→ Task objective:
Copy all records verbatim, images excluded.

→ Information shown:
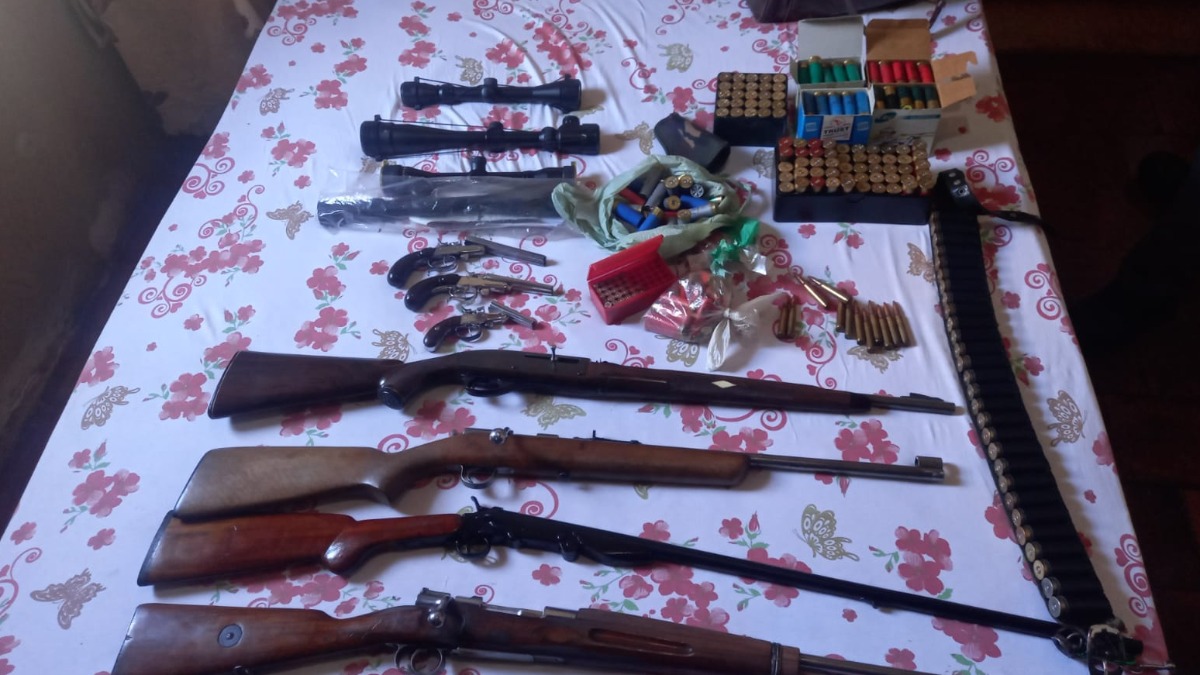 Apreensão de armas Vila Virgínia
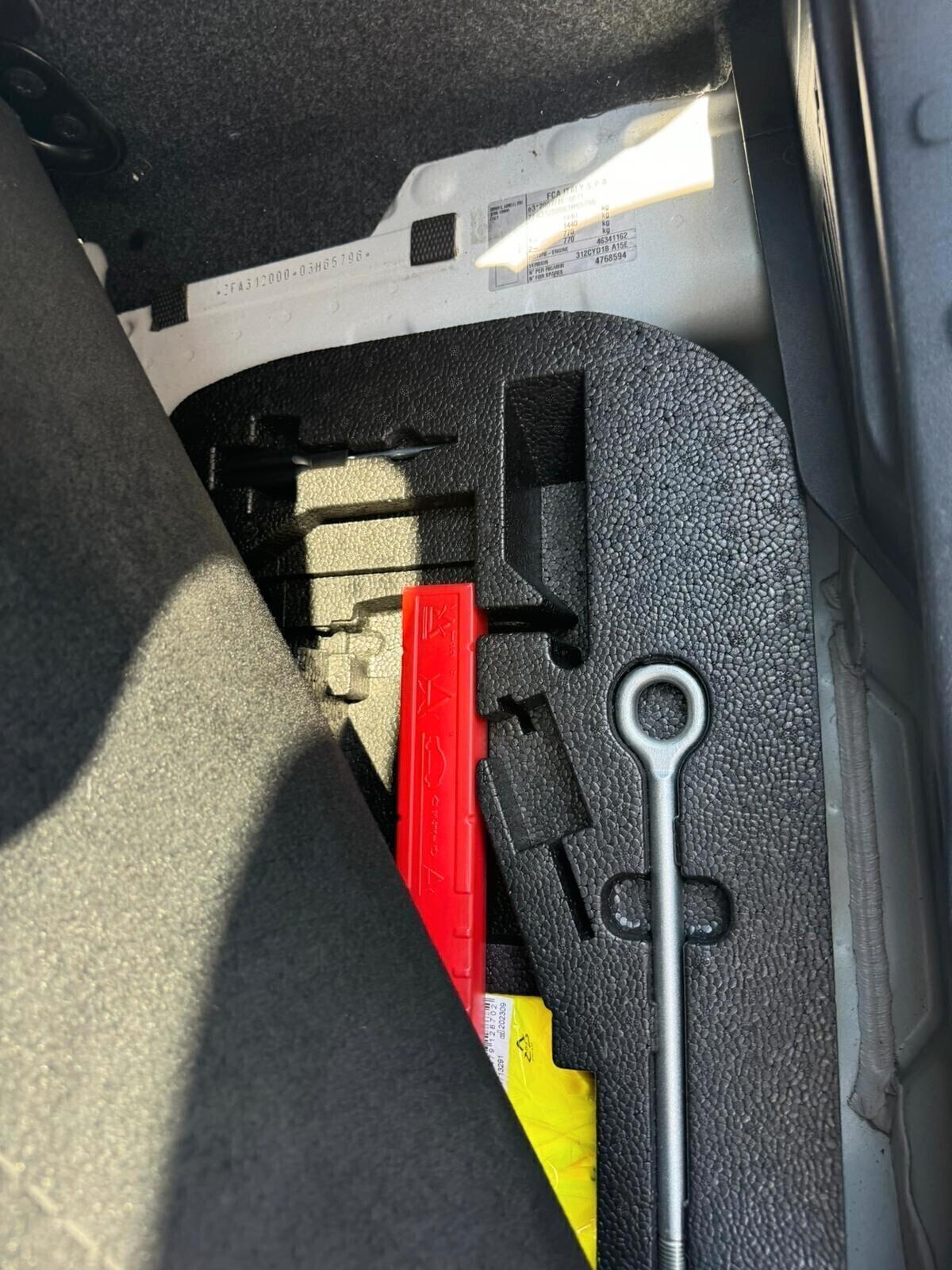 Fiat Panda 1.0 Hybrid 2022 City CrossM FULL OPTIONAL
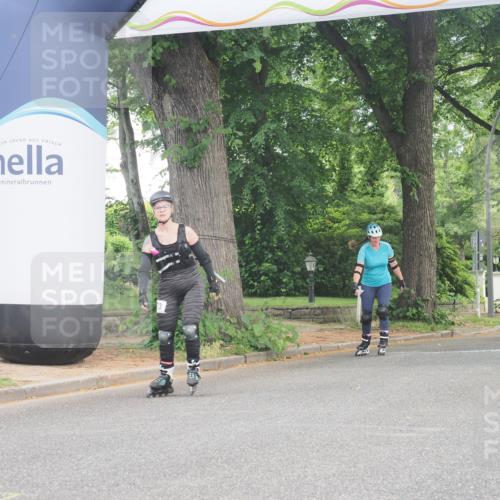 29.06.2025 - hella hamburg halbmarathon KatJ http://msf.ph/oto/8202038 29.06.2025 09:31:16 Zwischen KM18-KM19  meine-sportfotos.de
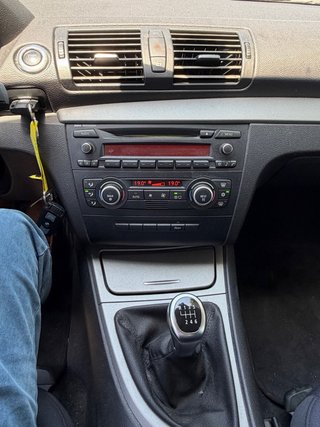 BMW Serie 1 118 i 140 cv pegatina C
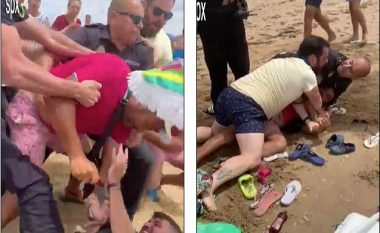 Momenti kur polici spanjoll theret tri herë me thikë nga shitësi ilegal, e gjitha ndodhi para qindra pushuesve në plazh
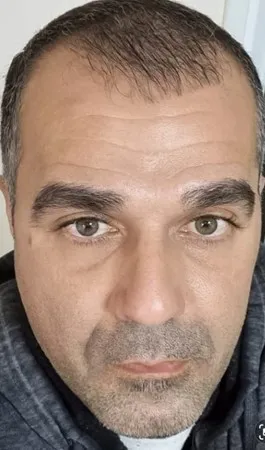 פשוט מיכאל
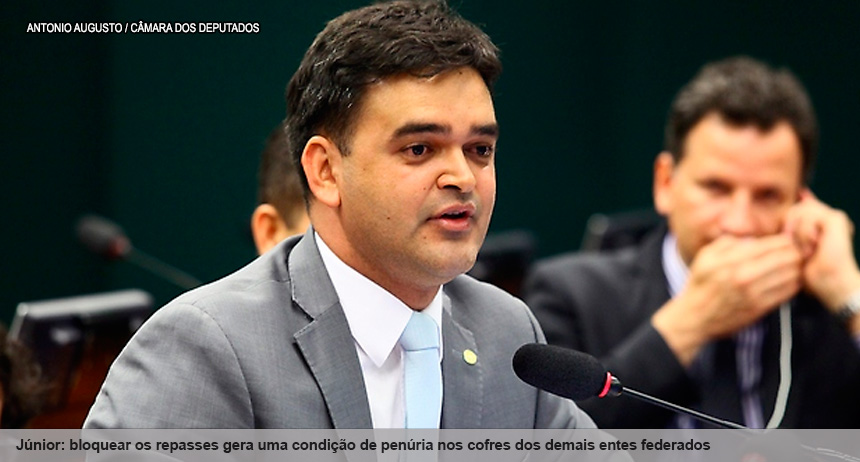 PEC proíbe bloqueio de repasses públicos destinados a pagar servidores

→ Exercise answer:
 Apreensão de armas Vila Virgínia
 Fiat Panda 1.0 Hybrid 2022 City CrossM FULL OPTIONAL
 29.06.2025 - hella hamburg halbmarathon KatJ http://msf.ph/oto/8202038 29.06.2025 09:31:16 Zwischen KM18-KM19  meine-sportfotos.de
 BMW Serie 1 118 i 140 cv pegatina C
 Momenti kur polici spanjoll theret tri herë me thikë nga shitësi ilegal, e gjitha ndodhi para qindra pushuesve në plazh
 פשוט מיכאל
 PEC proíbe bloqueio de repasses públicos destinados a pagar servidores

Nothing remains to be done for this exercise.